[Task requirements]
Send back every record exactly.

[Data section]
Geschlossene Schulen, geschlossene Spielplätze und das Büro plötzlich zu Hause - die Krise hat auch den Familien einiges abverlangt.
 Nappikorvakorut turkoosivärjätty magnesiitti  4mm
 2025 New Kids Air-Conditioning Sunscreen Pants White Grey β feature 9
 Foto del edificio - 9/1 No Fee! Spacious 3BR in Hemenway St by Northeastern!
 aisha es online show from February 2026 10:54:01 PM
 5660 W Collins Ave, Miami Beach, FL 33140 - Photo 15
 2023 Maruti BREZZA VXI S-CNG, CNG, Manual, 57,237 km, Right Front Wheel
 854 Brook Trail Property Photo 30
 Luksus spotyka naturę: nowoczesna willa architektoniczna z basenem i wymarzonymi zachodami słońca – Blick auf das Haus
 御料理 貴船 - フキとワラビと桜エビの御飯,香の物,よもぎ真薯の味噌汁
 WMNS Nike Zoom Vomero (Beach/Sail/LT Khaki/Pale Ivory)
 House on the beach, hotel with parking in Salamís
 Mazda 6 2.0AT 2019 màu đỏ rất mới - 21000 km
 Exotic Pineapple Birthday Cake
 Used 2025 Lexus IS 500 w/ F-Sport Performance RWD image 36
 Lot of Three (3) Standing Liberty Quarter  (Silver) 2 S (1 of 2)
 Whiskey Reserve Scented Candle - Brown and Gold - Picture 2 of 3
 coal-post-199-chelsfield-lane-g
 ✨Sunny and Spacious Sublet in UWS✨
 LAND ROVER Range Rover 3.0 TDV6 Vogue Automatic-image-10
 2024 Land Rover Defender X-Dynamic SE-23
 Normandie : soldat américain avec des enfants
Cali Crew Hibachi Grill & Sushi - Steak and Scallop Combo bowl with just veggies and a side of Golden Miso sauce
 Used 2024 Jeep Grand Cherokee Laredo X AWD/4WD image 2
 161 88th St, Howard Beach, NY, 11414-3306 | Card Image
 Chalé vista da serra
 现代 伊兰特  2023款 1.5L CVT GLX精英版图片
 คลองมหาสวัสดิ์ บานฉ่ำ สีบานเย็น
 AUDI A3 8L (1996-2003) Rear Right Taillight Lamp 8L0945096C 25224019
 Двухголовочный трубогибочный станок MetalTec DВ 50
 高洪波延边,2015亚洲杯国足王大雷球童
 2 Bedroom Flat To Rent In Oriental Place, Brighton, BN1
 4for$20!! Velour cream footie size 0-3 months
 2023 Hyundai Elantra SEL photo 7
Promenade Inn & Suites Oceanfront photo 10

[Output of the task]
Geschlossene Schulen, geschlossene Spielplätze und das Büro plötzlich zu Hause - die Krise hat auch den Familien einiges abverlangt.
 Nappikorvakorut turkoosivärjätty magnesiitti  4mm
 2025 New Kids Air-Conditioning Sunscreen Pants White Grey β feature 9
 Foto del edificio - 9/1 No Fee! Spacious 3BR in Hemenway St by Northeastern!
 aisha es online show from February 2026 10:54:01 PM
 5660 W Collins Ave, Miami Beach, FL 33140 - Photo 15
 2023 Maruti BREZZA VXI S-CNG, CNG, Manual, 57,237 km, Right Front Wheel
 854 Brook Trail Property Photo 30
 Luksus spotyka naturę: nowoczesna willa architektoniczna z basenem i wymarzonymi zachodami słońca – Blick auf das Haus
 御料理 貴船 - フキとワラビと桜エビの御飯,香の物,よもぎ真薯の味噌汁
 WMNS Nike Zoom Vomero (Beach/Sail/LT Khaki/Pale Ivory)
 House on the beach, hotel with parking in Salamís
 Mazda 6 2.0AT 2019 màu đỏ rất mới - 21000 km
 Exotic Pineapple Birthday Cake
 Used 2025 Lexus IS 500 w/ F-Sport Performance RWD image 36
 Lot of Three (3) Standing Liberty Quarter  (Silver) 2 S (1 of 2)
 Whiskey Reserve Scented Candle - Brown and Gold - Picture 2 of 3
 coal-post-199-chelsfield-lane-g
 ✨Sunny and Spacious Sublet in UWS✨
 LAND ROVER Range Rover 3.0 TDV6 Vogue Automatic-image-10
 2024 Land Rover Defender X-Dynamic SE-23
 Normandie : soldat américain avec des enfants
Cali Crew Hibachi Grill & Sushi - Steak and Scallop Combo bowl with just veggies and a side of Golden Miso sauce
 Used 2024 Jeep Grand Cherokee Laredo X AWD/4WD image 2
 161 88th St, Howard Beach, NY, 11414-3306 | Card Image
 Chalé vista da serra
 现代 伊兰特  2023款 1.5L CVT GLX精英版图片
 คลองมหาสวัสดิ์ บานฉ่ำ สีบานเย็น
 AUDI A3 8L (1996-2003) Rear Right Taillight Lamp 8L0945096C 25224019
 Двухголовочный трубогибочный станок MetalTec DВ 50
 高洪波延边,2015亚洲杯国足王大雷球童
 2 Bedroom Flat To Rent In Oriental Place, Brighton, BN1
 4for$20!! Velour cream footie size 0-3 months
 2023 Hyundai Elantra SEL photo 7
Promenade Inn & Suites Oceanfront photo 10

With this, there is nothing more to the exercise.